Les Canadiens s'apprêtent à accueillir les prochains Jeux olympiques, mais l'indice olympique Dow Jones n'est pas disponible au pays, faute d'intérêt de la part des institutions financières.

Pour l'instant, l'indice olympique n'est offert que dans certaines institutions financières de Londres, la ville hôtesse des Jeux d'été en 2012. «Nous discutons actuellement avec des institutions financières canadiennes pour rendre l'indice olympique disponible au Canada», dit John Prestbo, directeur exécutif des indices boursiers Dow Jones.

 

Le Mouvement Desjardins, qui ne connaissait pas l'existence de l'indice olympique Dow Jones avant le coup de fil de La Presse Affaires, n'a pas l'intention de l'offrir à ses clients d'ici le début des Jeux olympiques de Vancouver le 12 février 2010. «Ce n'est pas sur notre radar», dit le porte-parole André Chapleau.

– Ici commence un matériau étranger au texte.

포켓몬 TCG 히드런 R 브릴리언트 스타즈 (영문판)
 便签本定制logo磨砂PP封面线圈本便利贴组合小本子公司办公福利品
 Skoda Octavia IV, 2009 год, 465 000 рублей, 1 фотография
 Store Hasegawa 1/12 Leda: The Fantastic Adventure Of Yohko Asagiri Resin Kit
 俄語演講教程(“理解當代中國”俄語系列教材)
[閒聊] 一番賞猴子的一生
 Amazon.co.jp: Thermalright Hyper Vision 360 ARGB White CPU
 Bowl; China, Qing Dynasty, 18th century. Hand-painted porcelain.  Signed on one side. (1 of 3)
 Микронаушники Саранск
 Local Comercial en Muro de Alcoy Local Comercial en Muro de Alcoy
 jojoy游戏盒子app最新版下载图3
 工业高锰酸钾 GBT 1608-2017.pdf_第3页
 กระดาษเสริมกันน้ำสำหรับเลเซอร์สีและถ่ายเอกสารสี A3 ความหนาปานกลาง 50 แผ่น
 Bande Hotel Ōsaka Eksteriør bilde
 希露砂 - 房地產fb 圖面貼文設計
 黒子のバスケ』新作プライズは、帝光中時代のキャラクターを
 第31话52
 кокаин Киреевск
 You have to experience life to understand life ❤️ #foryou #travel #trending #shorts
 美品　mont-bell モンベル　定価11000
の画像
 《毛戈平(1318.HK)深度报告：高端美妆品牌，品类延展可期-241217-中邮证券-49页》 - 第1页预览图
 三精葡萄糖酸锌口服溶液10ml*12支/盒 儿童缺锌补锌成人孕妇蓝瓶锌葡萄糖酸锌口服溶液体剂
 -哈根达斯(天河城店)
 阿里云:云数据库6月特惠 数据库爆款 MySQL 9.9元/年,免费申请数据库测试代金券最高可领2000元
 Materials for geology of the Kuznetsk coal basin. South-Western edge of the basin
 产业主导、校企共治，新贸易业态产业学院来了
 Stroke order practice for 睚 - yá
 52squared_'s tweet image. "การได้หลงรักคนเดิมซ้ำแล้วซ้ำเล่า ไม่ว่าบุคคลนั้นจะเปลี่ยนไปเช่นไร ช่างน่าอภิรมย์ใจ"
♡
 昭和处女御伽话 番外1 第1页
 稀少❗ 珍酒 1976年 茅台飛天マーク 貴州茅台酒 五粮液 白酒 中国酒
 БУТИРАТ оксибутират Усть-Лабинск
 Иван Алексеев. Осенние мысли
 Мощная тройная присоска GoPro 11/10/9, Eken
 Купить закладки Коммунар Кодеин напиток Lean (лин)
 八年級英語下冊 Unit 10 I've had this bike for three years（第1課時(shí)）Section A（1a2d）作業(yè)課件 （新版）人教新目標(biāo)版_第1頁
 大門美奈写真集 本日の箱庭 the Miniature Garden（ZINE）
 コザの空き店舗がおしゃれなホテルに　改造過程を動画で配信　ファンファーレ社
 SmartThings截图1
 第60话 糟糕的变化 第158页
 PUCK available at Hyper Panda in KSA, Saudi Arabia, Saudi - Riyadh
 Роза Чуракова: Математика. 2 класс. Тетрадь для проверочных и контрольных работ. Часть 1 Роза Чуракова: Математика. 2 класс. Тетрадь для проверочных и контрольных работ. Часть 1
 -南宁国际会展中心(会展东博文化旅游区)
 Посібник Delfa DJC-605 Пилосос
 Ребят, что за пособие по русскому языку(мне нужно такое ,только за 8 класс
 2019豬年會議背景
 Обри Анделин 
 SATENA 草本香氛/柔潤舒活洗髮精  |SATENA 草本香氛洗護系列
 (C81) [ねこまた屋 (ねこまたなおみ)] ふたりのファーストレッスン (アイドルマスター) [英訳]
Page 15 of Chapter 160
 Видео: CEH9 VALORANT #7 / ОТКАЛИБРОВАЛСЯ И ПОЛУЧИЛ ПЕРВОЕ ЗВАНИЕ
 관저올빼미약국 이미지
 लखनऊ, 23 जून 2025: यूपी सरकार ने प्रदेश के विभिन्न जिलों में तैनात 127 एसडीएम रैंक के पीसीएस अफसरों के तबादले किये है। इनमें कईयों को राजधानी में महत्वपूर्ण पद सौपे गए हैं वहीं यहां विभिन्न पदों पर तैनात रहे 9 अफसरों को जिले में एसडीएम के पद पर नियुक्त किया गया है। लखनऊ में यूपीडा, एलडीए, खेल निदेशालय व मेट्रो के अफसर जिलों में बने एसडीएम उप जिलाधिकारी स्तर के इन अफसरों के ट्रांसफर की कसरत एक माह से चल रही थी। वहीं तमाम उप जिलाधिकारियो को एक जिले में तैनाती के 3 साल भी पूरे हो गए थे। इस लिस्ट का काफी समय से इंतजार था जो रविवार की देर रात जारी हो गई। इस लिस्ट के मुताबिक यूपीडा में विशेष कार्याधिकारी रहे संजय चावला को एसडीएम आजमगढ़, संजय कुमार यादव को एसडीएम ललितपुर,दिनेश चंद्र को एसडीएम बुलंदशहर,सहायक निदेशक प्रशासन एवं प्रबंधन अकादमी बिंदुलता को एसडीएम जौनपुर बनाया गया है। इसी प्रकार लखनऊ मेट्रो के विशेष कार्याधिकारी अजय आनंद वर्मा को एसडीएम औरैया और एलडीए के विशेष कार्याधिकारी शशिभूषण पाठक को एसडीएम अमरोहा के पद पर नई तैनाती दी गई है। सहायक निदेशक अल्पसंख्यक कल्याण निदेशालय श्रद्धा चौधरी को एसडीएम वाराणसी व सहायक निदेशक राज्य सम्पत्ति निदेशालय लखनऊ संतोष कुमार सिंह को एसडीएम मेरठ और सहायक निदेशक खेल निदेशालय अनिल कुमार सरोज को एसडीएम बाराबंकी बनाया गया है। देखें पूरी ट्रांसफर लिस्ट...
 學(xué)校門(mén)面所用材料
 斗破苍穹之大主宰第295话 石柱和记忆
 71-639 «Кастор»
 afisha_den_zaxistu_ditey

Même son de cloche du côté de la Banque Royale, pourtant commanditaire de Vancouver 2010. «Ça ne fait pas partie de nos projets en 2009», précise le porte-parole Raymond Chouinard.

John Prestbo suggère tout de même aux investisseurs canadiens de jeter un coup d'oeil à son indice olympique. «L'indice donne une idée des entreprises qui pourraient mieux faire cette année en raison des Jeux olympiques de Vancouver en 2010, dit-il. Les investisseurs peuvent sélectionner quelques titres sans nécessairement acheter l'indice au complet, ce qui est impossible de toute façon à l'heure actuelle au Canada.»